### THE TASK
State how many lines of the records contain the string "female", and give no other information.

*** MATERIAL PROVIDED ***

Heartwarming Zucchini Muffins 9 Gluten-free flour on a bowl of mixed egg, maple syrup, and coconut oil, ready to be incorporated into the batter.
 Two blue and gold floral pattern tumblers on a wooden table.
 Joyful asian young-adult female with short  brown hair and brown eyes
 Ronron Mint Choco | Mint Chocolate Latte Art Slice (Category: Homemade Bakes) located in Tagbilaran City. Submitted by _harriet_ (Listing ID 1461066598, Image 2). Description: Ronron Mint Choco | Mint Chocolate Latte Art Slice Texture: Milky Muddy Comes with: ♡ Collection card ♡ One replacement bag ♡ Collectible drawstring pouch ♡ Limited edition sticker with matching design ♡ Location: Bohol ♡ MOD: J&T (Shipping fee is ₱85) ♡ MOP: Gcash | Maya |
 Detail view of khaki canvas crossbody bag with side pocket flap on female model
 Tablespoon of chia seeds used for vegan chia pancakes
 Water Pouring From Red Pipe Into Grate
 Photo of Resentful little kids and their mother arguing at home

*** End of MATERIAL PROVIDED ***

### ANSWER TO THIS EXERCISE
2